Furthermore, the push of technology accentuates the weirdness of the future discount. In some projects delay vastly increases the cost in the future. Waiting to maintain infrastructure such as roads and bridges means it requires ever more money to upgrade them as decay breeds decay. Neglect can be self-accelerating so it becomes almost impossibly expensive to repair what is seriously neglected. On the other hand, take Moore’s Law. If computers are half as cheap and twice as fast every year into the future, then it makes sense to delay some very computational challenges. Many biologists suggested it made the most economical sense to delay sequencing the human genome. You could wait a few years for the technology to evolve and then once it was cheap it would overtake the quick start as the efficiency and speed doubled each year. Thus it would be cheaper and faster to wait.
All extropic systems — economy, nature and technology — are governed by self-accelerating feedback cycles. Like compounding interest, or virtuous circles, they are powered by increasing returns. Success breeds success. There is a long tail of incremental build up and then as they keep doubling every cycle, they explode out of invisibility into significance. Extropic systems can also collapse in the same self-accelerating way, one subtraction triggering many other subtractions, so in a vicious cycle the whole system implodes. Our view of the future is warped and blinded by these exponential curves.

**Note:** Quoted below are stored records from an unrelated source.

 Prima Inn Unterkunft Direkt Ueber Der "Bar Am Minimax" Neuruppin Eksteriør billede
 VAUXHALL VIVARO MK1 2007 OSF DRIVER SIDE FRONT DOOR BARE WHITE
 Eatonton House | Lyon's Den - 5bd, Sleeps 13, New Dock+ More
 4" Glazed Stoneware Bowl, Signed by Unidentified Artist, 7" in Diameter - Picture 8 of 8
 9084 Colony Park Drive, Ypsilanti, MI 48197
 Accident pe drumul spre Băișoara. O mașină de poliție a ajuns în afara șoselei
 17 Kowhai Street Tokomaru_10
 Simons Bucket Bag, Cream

But while progress runs on exponential curves, our individual lives proceed in a linear fashion. We live day by day by day. While we might think time flies as we age, it really trickles out steadily. Today will always be more valuable than some day in the future, in large part because we have no guarantee we’ll get that extra day. Ditto for civilizations. In linear time, the future is a loss. But because human minds and societies can improve things over time, and compound that improvement in virtuous circles, the future in this dimension is a gain. Therefore long-term thinking entails the confluence of the linear and the exponential. The linear march of our time intersects the cascading rise and fall of numerous self-amplifying exponential forces. Generations, too, proceed in a linear sequence. They advance steadily one after another while pushed by the compounding cycles of exponential change.
Balancing that point where the linear crosses the exponential is what long-term thinking should be about. For each generation and for each issue that equation of intersection will be different. Sometimes the immediate needs of the now will dominate, and the discount rate will favor the present. For example, the chronic use of childhood vaccines and antibiotics may prove to have long-term downsides, but their value to present generations is so great that we agree to send the cost to the future. Descending generations will have to pay the price — or to solve the problem by inventing better medicines using exponentially better knowledge and resources. Other times future generations will be so enhanced by the later exponential growth begun in a small immediate gain that we raise the discount rate. For example the yield in educating girls in any society is so great, so amplified and compounded in so many ways, over so many generations, that it is worth an awful lot to pay its costs now — even stiff costs in the face of cultural resistance and low immediate yields. Here the cost point is shifted to the present.
A timeline of where we expect these cost/benefit/risk-thresholds to fall in each sector of our civilization, or a field map of places we can see where our linear lives cross exponential change — either would be very handy to have.